ACTION ITEM » As you print the data below, keep every line exactly as it is and leave the images behind.

[[ GIVEN MATERIAL, beginning ]]

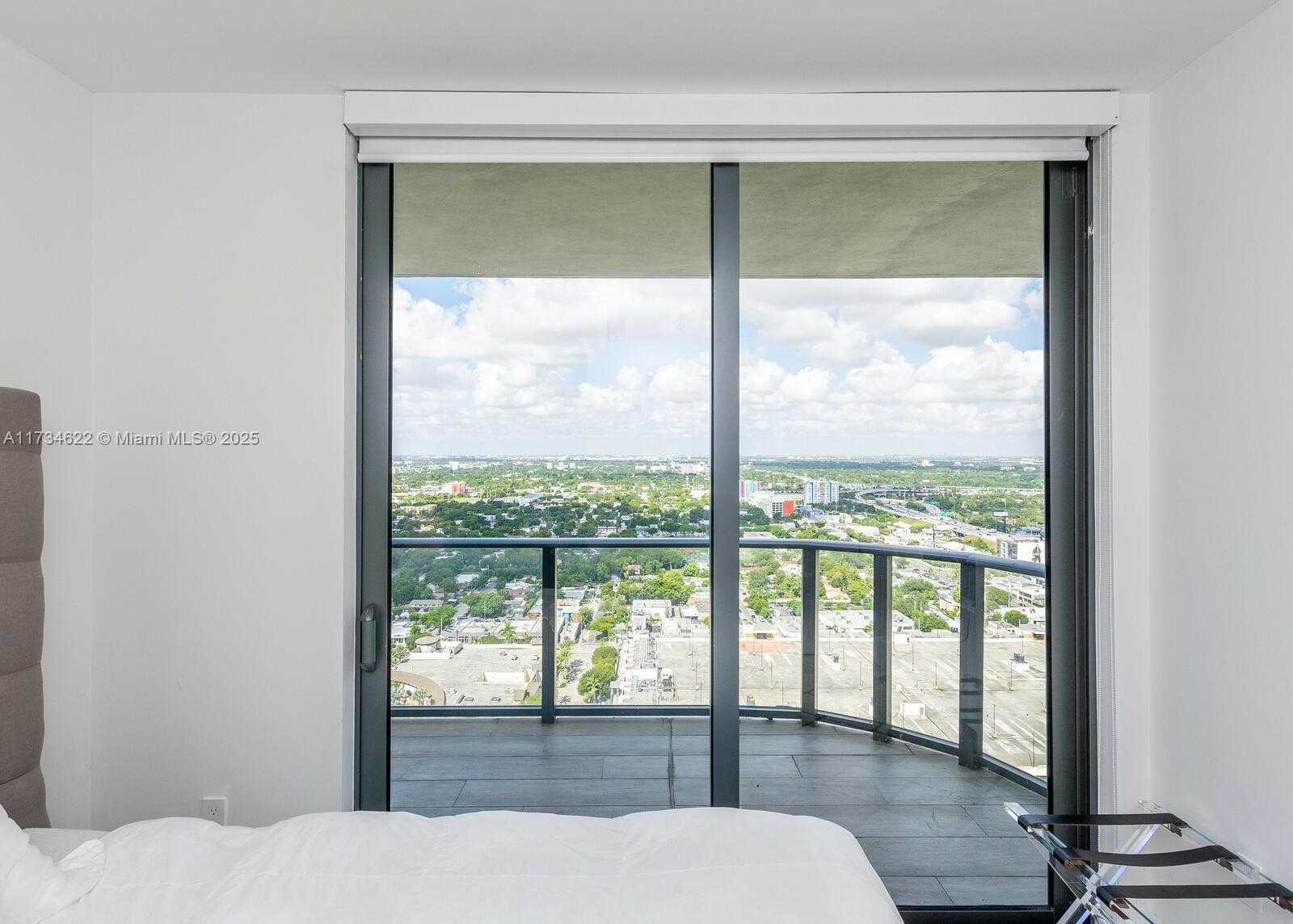 Small Image of 121 NORTH EAST 34TH ST #3101, Miami Number 18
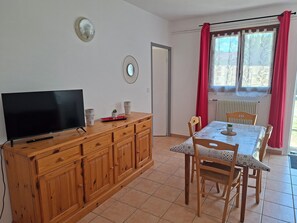 Unclassified image, 3 of 15, button - Vrbo Property (Montigny-sur-l'Ain)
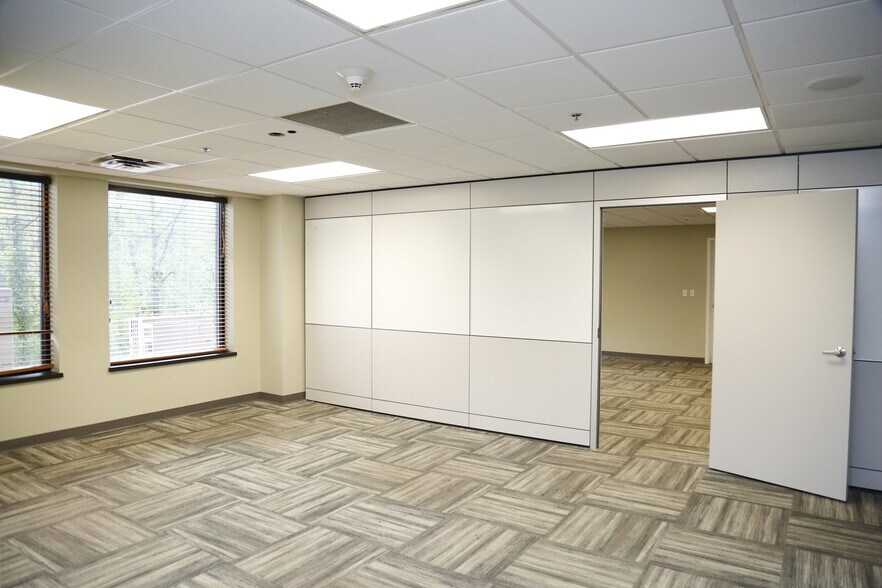More Photos Of 215 Don Knotts Blvd, Morgantown Office For Lease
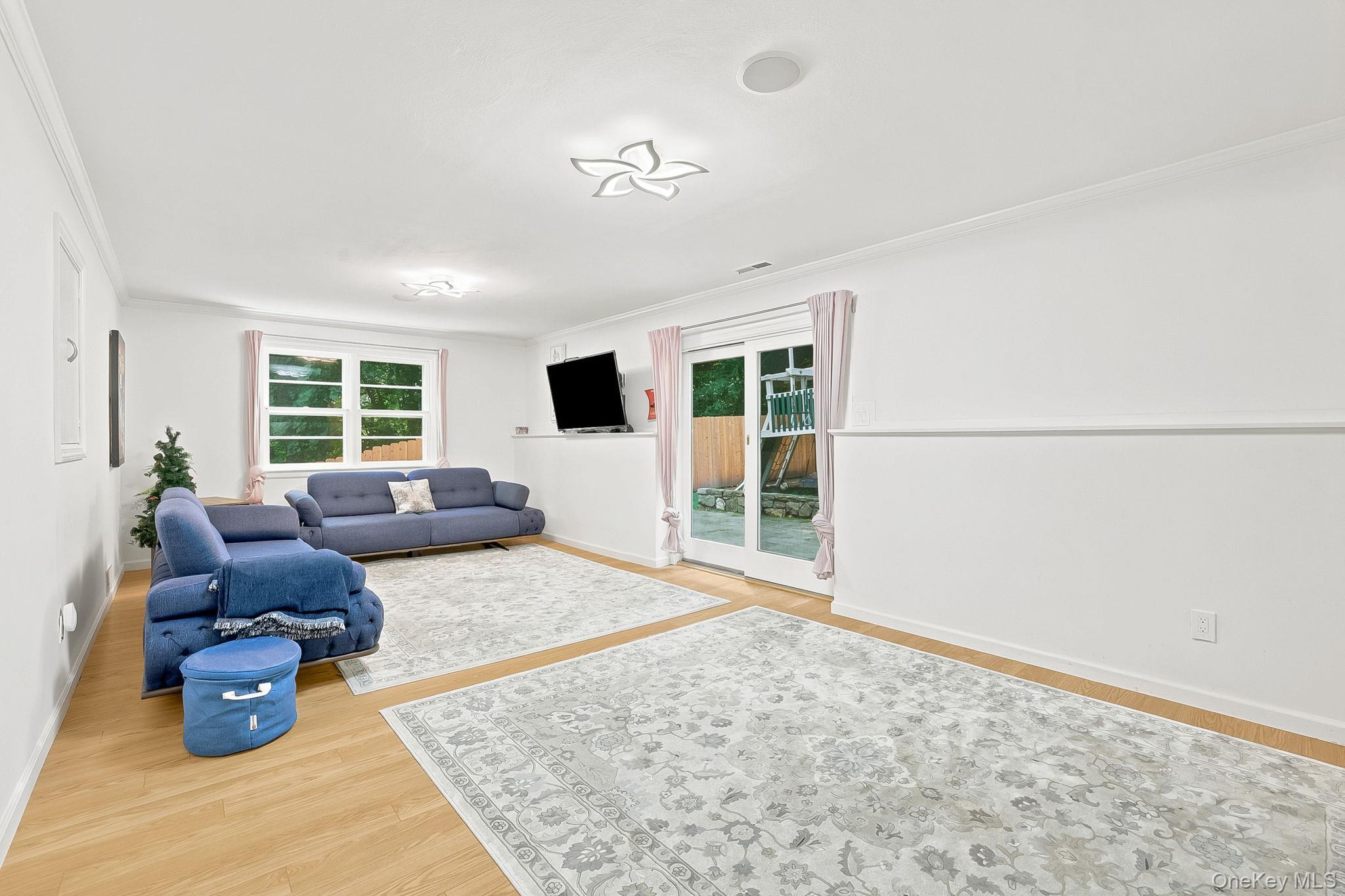 Single Family Hickory Hill Drive  Westchester County, NY 10522, MLS-1021341-23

[[ GIVEN MATERIAL, end ]]

ANSWER BOX »
 Small Image of 121 NORTH EAST 34TH ST #3101, Miami Number 18
 Unclassified image, 3 of 15, button - Vrbo Property (Montigny-sur-l'Ain)
More Photos Of 215 Don Knotts Blvd, Morgantown Office For Lease
 Single Family Hickory Hill Drive  Westchester County, NY 10522, MLS-1021341-23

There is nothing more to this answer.